Ben de herkes gibi, bu yazıyı yazdığım güne (düne) kadar daha enteresan bir maç izlememiştim. Gruplar ikinci maçlarını yaparken söylediğim iki söz vardı: “Hırvatlardan çekiniyorum” ve “finale kalırsak İspanyolları yeneriz!” Hangi takımların finale kalacağını bilemiyorum elbette, ama yarı finalistlerden birini belirlemiş olan Hırvatistan maçımız başlarken yemekten kaçmamızın sebebi buydu.
Yedincisi düzenlenen “Somuncu Baba ve Hulusi Efendi Kültür Etkinlikleri” için Darende’deydik. Yemek masasının başında TBMM eski başkanı ve Manisa Milletvekili Bülent Arınç oturuyordu. Tohma çayının kıvrıldığı köşedeki esrarlı bahçe kalabalık ve yemekler şahaneydi, ama gözümüz görmedi… Otelin salonuna geldiğimizde maçın 17. dakikasıydı, koltuklara dizildik. Önümüze çaylar çerezler geldi ve kendimizi maça bıraktık.

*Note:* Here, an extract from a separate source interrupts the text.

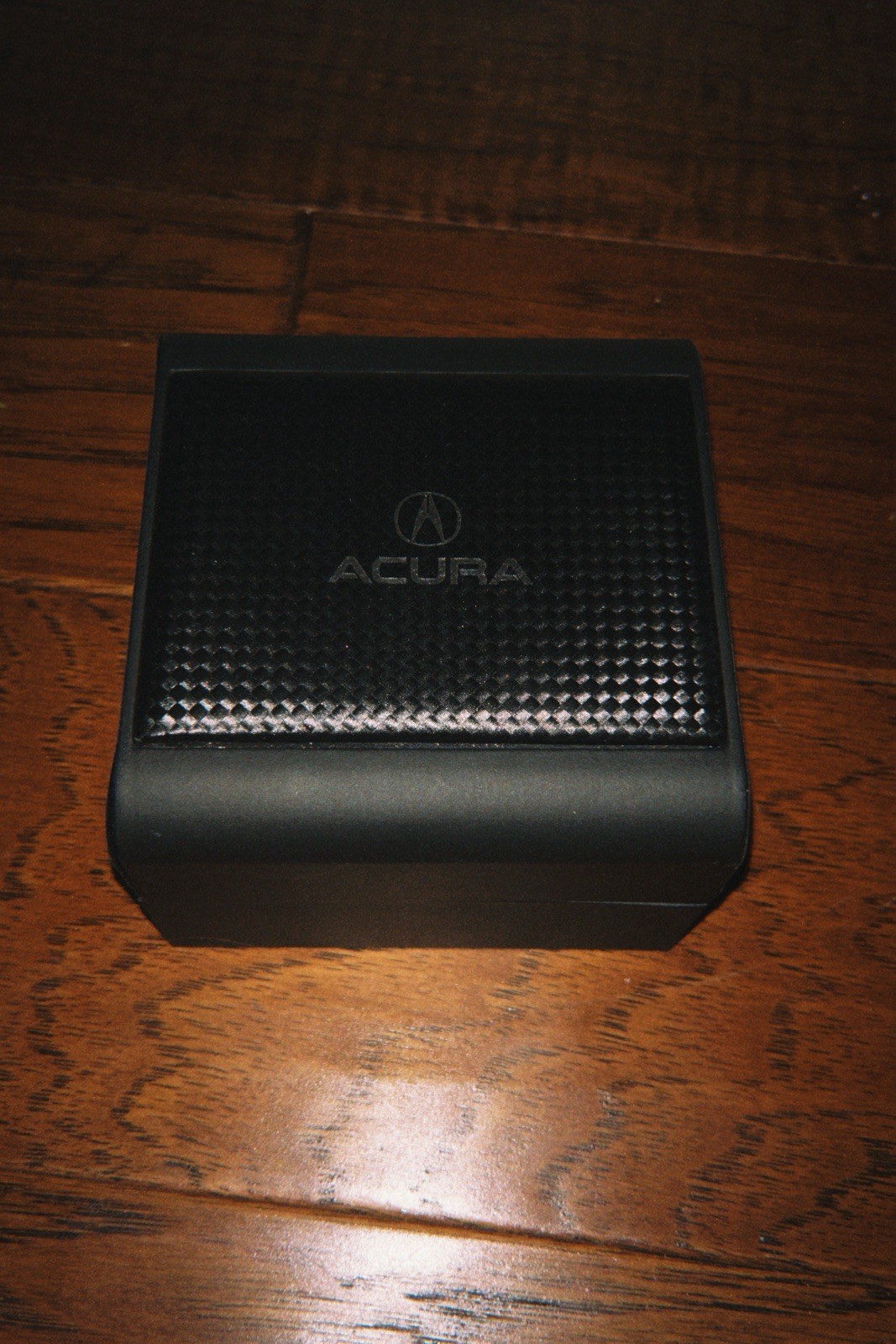 Acura Tourneau Quartz Mens World Time Day Date SS Bracelet Black Dial w/ Box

Ofsayt düdüğünden sonra kalemize top gönderen Hırvat’a kart göstermeyen hakeme bağırırken, herkes ayağa kalktı. Baktım ki Bülent Bey içeride, gelip yanıma oturdu; demek o da yemekten kaçmış(!).. Sonra birlikte maçı seyrettik; ve uzatmaları ve penaltıları… Oyun aralarda da aynı tabaktan çerez yiyip çay içtik.
Siyasetle işim olmasa da, Bülent Arınç eskiden beri sempati duyduğum az siyasiden biridir. Sıcaklığı, sükûneti, gönüllere nüfuzu diğerlerinden daha farklıdır, malum… Bilmediğimse futbol merakıymış, heyecanla ayağa fırlamaları, uzun alkışları, samimi tezahüratlarıymış… Üç dört saat yan yana oturduğumuz Sayın Arınç; oteldeki diğer gazeteci arkadaşlar; direklerin arkasına siperlenip pozisyonları kaçırmamaya çalışan garson ve görevliler; stadyumda, yurt içinde ve bütün dünyadaki dostlarımız hep birlikte “3. Viyana Kuşatması”nın zaferle sonuçlanmasını bekliyorduk.

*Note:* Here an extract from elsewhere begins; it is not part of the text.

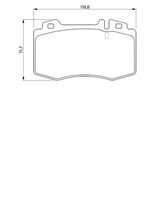 Bremsbelagsatz, Scheibenbremse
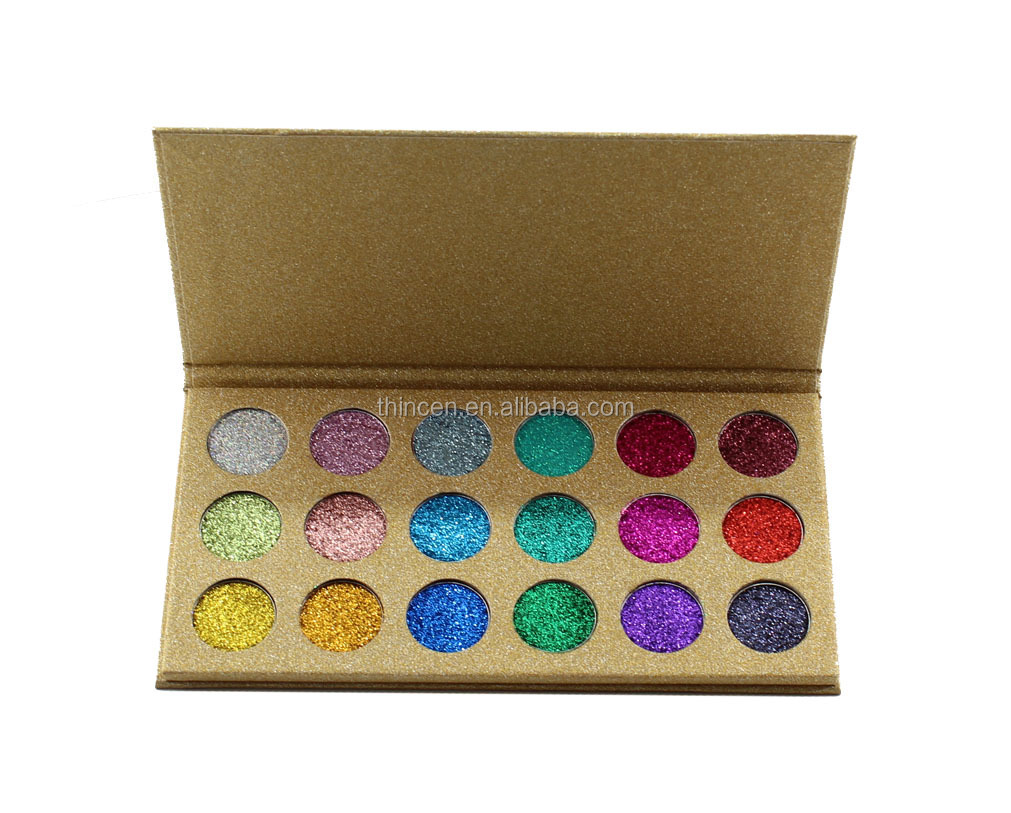 Thincen - Waterproof Bright Glitter Eyeshadow Palette Private Label Eyeshadow platte 8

Milli davaya dönen bu maç biterken golü yeyip çöktük aşağı!
Dili dualı Bülent Bey de çok üzgün “ah, vah” ediyordu, hatta deminden beri gözleri stadyumdaki başbakanı arıyordu… Ve fakat çok geçmeden Semih’ten öyle bir gol geldi ki herkes yerinden fırladı, birbirine sarıldı… Sonra penaltılar; her attığımız gol ve kalemize girmeyen her top ortalığı ayağa kaldırdı… Seçen ve seçilen, seven ve sevilen birbirine sarıldı.
Bu resim dedi ki herkese:
Bir ve birlik olursak aşılmayacak hangi yol, geçilmeyecek hangi dağ olur ki?!.